Input: vehicles_gold.csv
Output: Model

- 1) Linear Regression
- 2) Ridge Regression
- 3) Lasso Regression
- 4) K-Neighbors Regression
- 5) Random Forest Regression
- 6) Bagging Regression
- 7) Adaboost Regression
- 8) XGBoost Regression

Evaluation

- Provide the following input variables to - predict the price of the best used vehicle
- paint_color, manufacturer, year, transmission, cylinders, size, fuel, condition, drive, type, odometer

Model Deployment plan (Aspirations, not in current scope)
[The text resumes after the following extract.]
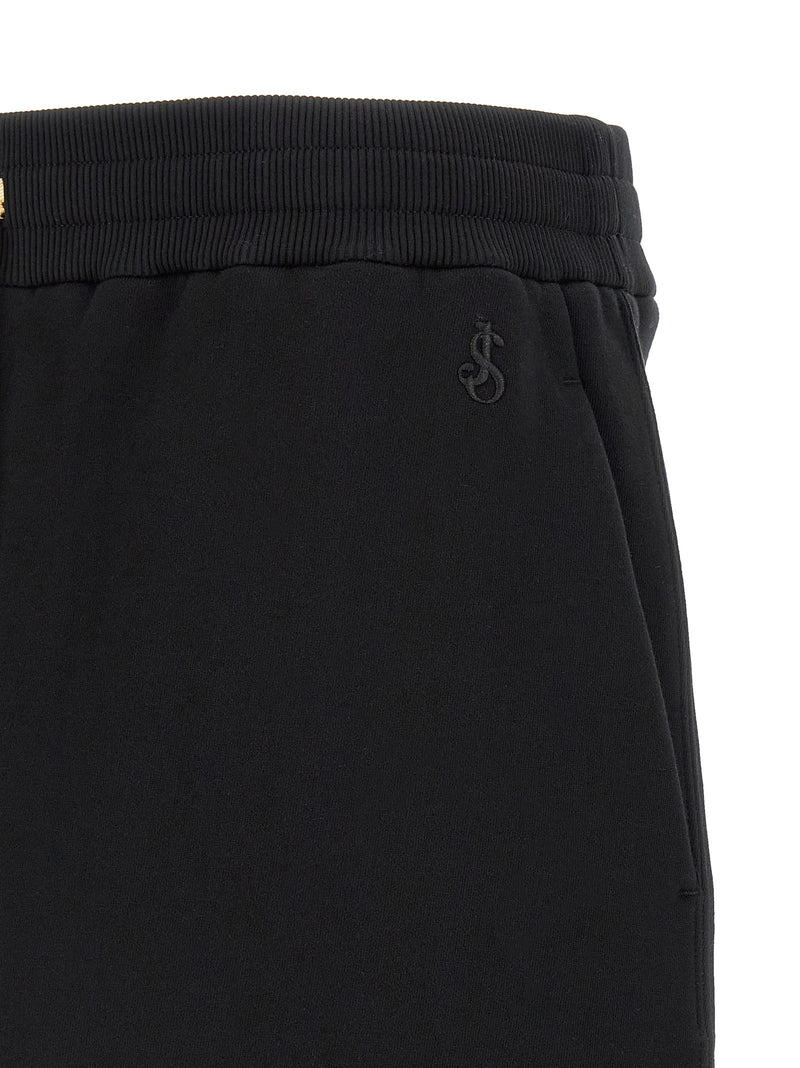 Jil Sander Black Cotton Bermuda Shorts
- The resultant model can be deployed as a docker container and orchestrated on Kubernetes cluster
- The advantage of this approach is - we can orchestrate different versions of the models in different Kubernetes PODS 
- It also acts as a solutiona accelerator for other used car dealer and hence the solution becomes repeatable

Presentation

- A Powerpoint presentation is included to explain the entire process in "Presentation" directory.

Process Summary

centered image

  • By performing different Machine Learning models, we aimed to get a better result or less error with max accuracy.
  • Our purpose was to predict the price of the used cars with the help of multiple predictors for 364420 unique samples.
  • Initially, data cleaning was performed to remove the null values (NaN) and outliers from the dataset.
  • Next, the data visualization features were explored deeply to examine the correlation between the features.
  • Subsequently, Machine Learning models were implemented to predict feature importance and the price of car for a given customer preference.
  • From the table below, Random Forest, AdaBoost, and XGBoost are the best models for the prediction of the used car prices.
  • We chose 2 out of 3 best models and deployed Random Forest and XGBoost in production.

Score Table - all models

centered image

Feature Importance - 1) AdaBoost 2) RandomForest 3) XGBoost

centered image

centered image

centered image

Feature importance based on high R2 score of top 3 models is as follows -

  • AdaBoost - Odometer, Year, Manufacturer
  • Random Forest - Year, Cylinder, Odometer
  • XGBoot - Odometer, Model, Year

Conclusion, Recommendation, and Next Steps

  • In this analysis we tried to understand what influences used car's selling price.
  • Based on the R2 score - all 3 models suggest "Year" and "Odometer" are the most important features that contributes to the model.
  • The dealership should focus on these two features for their marketing campaign to maximize the sell and profit.
  • Older cars with low Odometer yield better value for money for the customers.
  • Effectively, focusing on these two features is a win-win situation for both - the dealership and the customers.